I’ve heard some wild translations in my time, but "I have a ball" for "I am pregnant" takes the cake. That’s the kind of logic-defying output you get when you let a generic model trained on Western datasets try to parse the heavy, idiomatic weight of Yoruba. It’s funny until you realize someone spent thousands of dollars on a production only for the climax to become a meme for all the wrong reasons.

This is the exact wall Apotierioluwa Owoade and his team at Reedapt are trying to climb. If you've ever spent time in a Gbagada workstation or a crowded hub in Akure, you know the vibe—four guys, a bunch of laptops, and a problem that everyone else says is too expensive to fix.

The Ota Connection

What caught my eye wasn't just the AI angle; it was the origin story. Owoade and David Mac-Asore didn't just wake up and decide to build a startup. They cut their teeth at the Living Faith Church (Winners Chapel) headquarters in Ota.

If you know anything about the scale of things in Ota, you know that’s basically a high-stress production environment. Bridging the gap between English and French for a massive, global congregation is no joke. It's the ultimate sandbox for high-stakes tech. If your translation fails there, you aren’t just losing users; you’re losing the "spirit" of the message.

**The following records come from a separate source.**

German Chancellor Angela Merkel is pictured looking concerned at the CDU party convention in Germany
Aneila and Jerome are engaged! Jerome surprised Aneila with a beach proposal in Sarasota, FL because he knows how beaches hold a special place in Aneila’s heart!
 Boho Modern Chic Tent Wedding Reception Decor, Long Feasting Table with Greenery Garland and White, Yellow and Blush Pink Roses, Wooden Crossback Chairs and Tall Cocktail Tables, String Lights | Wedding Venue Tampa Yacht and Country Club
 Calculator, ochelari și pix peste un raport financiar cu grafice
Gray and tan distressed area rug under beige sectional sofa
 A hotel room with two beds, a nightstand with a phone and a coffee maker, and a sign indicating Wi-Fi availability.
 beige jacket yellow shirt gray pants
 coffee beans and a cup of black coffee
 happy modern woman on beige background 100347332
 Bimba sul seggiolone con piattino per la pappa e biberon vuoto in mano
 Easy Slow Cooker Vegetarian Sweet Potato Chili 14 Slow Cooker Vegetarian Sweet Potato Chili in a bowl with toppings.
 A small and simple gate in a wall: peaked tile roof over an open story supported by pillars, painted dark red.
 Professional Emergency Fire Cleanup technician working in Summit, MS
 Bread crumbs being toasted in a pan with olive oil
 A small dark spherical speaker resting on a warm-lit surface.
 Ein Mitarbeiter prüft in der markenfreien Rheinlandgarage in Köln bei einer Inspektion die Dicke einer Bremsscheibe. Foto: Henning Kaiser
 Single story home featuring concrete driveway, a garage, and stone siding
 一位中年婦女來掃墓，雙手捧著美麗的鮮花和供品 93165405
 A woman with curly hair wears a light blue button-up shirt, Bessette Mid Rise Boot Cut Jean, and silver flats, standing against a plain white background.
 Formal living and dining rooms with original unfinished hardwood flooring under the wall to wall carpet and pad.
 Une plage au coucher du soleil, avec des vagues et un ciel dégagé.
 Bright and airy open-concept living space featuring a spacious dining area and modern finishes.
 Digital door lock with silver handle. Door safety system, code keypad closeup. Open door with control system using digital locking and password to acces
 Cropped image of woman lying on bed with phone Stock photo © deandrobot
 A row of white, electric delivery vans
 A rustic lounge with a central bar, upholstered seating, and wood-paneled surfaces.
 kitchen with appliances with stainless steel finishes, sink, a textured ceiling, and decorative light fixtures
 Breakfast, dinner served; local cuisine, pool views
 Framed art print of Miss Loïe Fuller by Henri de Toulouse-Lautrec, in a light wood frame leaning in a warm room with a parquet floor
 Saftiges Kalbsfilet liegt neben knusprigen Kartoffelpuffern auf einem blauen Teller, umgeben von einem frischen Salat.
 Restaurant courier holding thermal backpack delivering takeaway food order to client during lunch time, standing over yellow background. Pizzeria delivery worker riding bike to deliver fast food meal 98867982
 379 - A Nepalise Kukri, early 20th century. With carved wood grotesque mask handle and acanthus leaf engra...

A developer's workspace where the real work happens

Why $500k is a Joke

The article mentions that translating a film can cost upwards of $500,000. For a filmmaker in Onitsha or a young director in Jos, that figure isn't just a hurdle; it’s a brick wall. It’s why so much of our content stays locked in its original language, never reaching the Francophone or Lusophone markets right next door.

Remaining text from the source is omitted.